The Godbold book is a good primary resource on early media coverage at the Cape. See chapter "Headlong into the Future" (pp. 209-24). How the still-photo pools worked and how the major wire services were treated after LIFE's big get.

Godbold was with National Geographic but was recruited by Field Enterprises, the storied Chicago-based publishing juggernaut, rich in editorial talent and home to Chicago Sun-Times, Steve Canyon (cartoon), Mike Royko, Ann Landers. Rupert Murdoch bought the company in 1984.

Godbold appears to have arranged for the New Nine compensation (p. 240-41). Lots of great period detail — hotels, clubs, scotch, publishing magnates, mannerisms. Very Mad Men.

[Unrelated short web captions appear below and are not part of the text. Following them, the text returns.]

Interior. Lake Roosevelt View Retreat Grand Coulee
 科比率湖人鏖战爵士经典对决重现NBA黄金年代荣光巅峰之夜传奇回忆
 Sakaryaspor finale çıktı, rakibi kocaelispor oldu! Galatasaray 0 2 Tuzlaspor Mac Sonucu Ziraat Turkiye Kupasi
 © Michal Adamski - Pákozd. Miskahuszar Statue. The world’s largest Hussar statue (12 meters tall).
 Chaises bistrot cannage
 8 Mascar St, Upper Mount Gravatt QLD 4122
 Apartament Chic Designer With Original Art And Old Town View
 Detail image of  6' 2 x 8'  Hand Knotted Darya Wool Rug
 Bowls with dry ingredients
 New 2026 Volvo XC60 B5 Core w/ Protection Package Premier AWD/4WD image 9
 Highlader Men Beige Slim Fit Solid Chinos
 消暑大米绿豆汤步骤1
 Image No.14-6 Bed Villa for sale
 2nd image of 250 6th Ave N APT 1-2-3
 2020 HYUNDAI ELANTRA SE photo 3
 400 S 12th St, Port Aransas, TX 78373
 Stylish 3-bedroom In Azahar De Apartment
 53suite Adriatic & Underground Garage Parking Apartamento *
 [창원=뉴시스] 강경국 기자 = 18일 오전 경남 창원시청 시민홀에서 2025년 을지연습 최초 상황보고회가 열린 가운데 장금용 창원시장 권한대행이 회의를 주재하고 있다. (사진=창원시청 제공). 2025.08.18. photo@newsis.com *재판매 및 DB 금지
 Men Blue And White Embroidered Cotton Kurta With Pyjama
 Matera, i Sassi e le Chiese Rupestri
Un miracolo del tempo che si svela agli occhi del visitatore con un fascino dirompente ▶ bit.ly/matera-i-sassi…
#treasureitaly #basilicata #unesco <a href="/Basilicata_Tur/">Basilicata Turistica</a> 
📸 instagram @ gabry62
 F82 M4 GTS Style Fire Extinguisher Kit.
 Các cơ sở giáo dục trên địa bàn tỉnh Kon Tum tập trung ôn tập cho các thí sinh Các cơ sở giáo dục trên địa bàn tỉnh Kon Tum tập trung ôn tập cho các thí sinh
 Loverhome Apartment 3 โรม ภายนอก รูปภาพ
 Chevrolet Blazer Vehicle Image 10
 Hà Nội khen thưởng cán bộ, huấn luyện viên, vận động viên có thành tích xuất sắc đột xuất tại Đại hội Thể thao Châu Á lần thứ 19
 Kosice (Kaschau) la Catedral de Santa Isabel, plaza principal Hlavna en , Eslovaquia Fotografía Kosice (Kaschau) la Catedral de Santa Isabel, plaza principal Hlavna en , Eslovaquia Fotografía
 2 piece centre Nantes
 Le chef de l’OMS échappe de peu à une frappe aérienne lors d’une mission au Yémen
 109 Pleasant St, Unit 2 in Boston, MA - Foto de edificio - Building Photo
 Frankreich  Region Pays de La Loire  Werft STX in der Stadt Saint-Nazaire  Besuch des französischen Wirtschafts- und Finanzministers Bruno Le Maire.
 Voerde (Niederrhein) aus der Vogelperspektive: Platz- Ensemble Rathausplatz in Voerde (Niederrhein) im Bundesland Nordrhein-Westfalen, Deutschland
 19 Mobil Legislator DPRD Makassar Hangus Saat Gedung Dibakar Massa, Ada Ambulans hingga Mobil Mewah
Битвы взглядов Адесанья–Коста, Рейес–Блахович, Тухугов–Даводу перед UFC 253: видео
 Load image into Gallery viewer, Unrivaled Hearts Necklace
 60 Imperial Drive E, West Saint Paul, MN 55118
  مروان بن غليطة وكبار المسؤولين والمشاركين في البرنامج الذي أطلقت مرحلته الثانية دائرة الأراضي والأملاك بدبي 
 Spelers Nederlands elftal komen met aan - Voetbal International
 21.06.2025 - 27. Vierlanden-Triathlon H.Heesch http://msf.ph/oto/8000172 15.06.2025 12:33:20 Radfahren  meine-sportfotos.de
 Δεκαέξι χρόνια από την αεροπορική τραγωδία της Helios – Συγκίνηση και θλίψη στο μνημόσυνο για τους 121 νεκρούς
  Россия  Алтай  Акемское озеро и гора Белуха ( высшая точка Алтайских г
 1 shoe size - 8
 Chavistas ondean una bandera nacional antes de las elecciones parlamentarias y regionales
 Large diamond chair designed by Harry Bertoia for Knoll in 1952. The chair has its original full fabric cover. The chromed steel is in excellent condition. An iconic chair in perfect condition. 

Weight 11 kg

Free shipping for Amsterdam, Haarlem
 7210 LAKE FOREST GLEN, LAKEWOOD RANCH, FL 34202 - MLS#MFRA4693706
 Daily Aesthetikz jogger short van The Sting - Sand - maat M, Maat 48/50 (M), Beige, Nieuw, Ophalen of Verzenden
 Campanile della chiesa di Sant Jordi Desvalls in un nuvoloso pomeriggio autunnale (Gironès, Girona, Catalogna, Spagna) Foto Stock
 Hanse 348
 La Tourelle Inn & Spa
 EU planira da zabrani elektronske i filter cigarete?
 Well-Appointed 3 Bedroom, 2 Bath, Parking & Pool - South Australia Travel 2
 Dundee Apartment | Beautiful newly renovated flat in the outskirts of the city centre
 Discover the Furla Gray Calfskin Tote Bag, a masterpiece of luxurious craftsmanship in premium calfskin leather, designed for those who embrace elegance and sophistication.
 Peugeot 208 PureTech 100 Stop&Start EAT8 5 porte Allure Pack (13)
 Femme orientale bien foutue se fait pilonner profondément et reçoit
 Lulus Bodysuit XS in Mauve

It was James Godbold who cultivated Rene, convincing her she could and would make a great weekly columnist. He hired Bill Steven, a Houston newspaperman, in part to just to edit Rene (pp. 272-76). And he reprints one of his favorite "A Woman Still" columns. Accolades poured in from readers ("Support letters began pouring in from all points...") and talent spotters, from Hodding Carter, Ann Landers, Chet Huntley. Her editor, Bill Steven, called her talent "genius" (p. 273). Rene edited his edits.

A competitive newspaper industry eagerly pursued and then compensated Rene for her talent, not because she was ambitious or eager for the limelight (AWC's conceit about Rene) but because Rene had something to say and she knew how to say it.

Godbold's book is highlighted here as a gift to well-meaning researchers who are looking for solid primary sources on an interesting time.